State lawmakers passed a bill restricting the use of identification that undocumented immigrants often carry. Rodriguez and others held daily protests for a month outside the executive mansion while Gov. Pat McCrory considered the bill. After he signed it, Rodriguez and five others walked into the street in front of the mansion, shackled themselves and blocked traffic for three hours. She could’ve gotten deported, and she knew it.
But law enforcement practices appear to have changed little since Gov. McCrory signed HB318 into law. Law enforcement officers across North Carolina have long cross referenced the name of anyone they arrest through the federal Priority Enforcement Program so that they will hold them if represent a threat to public safety, says Kate Woomer-Deters of the North Carolina Justice Center.
Authorities prioritize people who have committed higher level criminal offenses, Woomer-Deters said.

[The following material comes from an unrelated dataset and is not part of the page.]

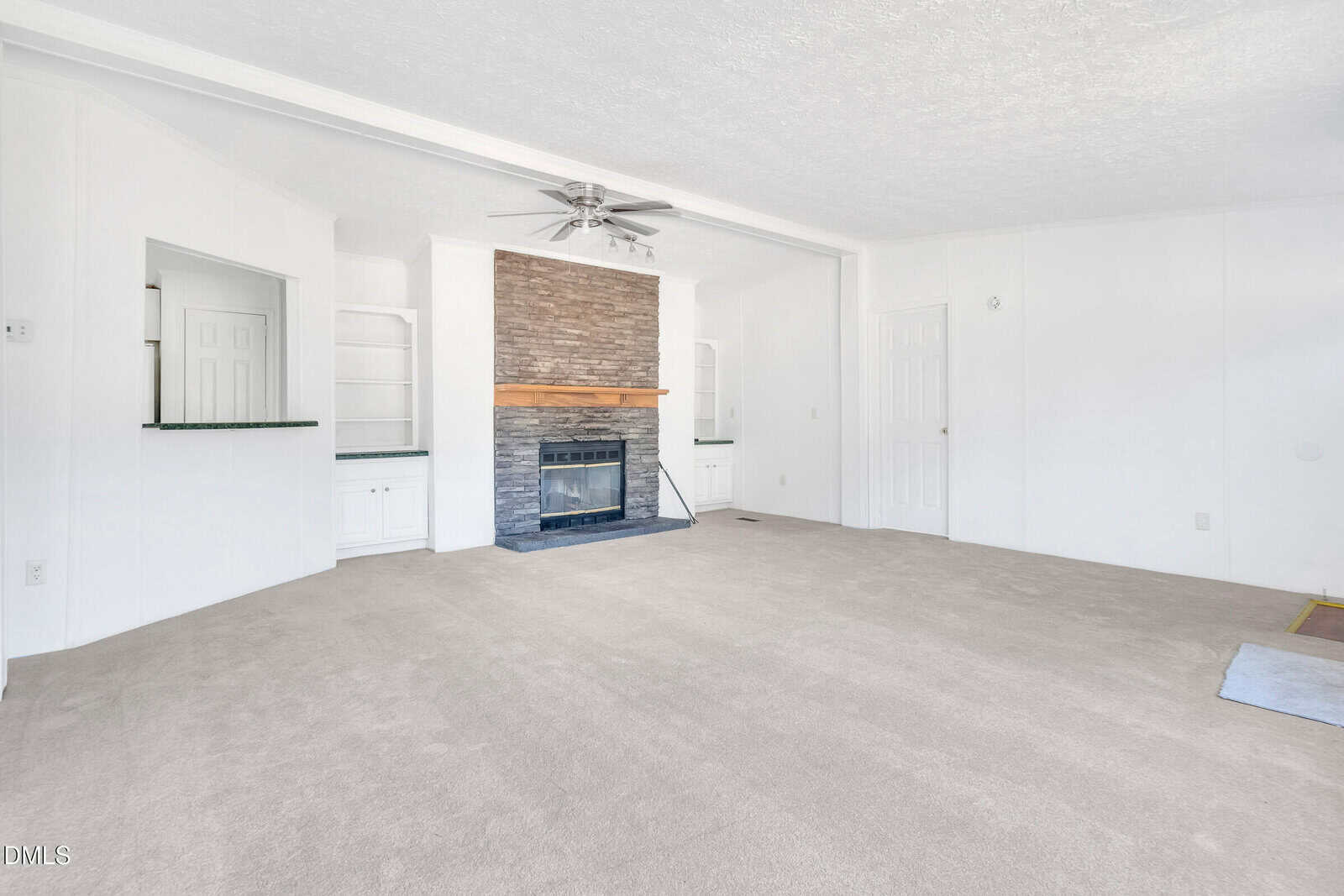 Spacious living room with light beige carpet, white walls, a ceiling fan, built-in shelves, and a stone fireplace with a wooden mantel. Two doorways and windows with green ledges are also visible.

When Raleigh police officers arrested Rodriguez, they acted the same way they would have before the new law was signed. They asked for her ID, she handed them a registration card from the Mexican consulate, and they took it. Woomer-Deters has been talking to police across the state about this procedure. The new law doesn't stop law enforcement from looking at foreign I-Ds.
“They believe it is within their discretion to look at a foreign ID or a consular ID as one piece of the puzzle in determining who a person is,” Woomer-Deters said.
After Raleigh police officers arrested Rodriguez, they took her to the Wake County Detention Center, where a federal immigration official interviewed her.
“He says, ‘Don’t worry. If you don’t have any serious crimes or any felonies on your record, you’ll get out of here today,’ ” she remembers. “And that was it.”
Rodriguez says she was terrified of what could’ve happened to her. But that she doesn’t want live in constant fear any more and she doesn’t want other people like her to live in fear either. She wants to legally buy a car and legally drive to work. She says she’s inspired by her 12-year-old daughter, who is already involved in leadership programs at school and wants to organize protests.
“All of this is motivating here, so she’s like my hope,” Rodriguez said. Everything that I can’t do because I don’t have a piece of paper, she’ll be able to do.
Rodriguez and the other five demonstrators—all of them U-S citizens—are due in Wake County Court today. She’s been doing community service, and she hopes that after the hearing, she’ll be able to leave and go back to work.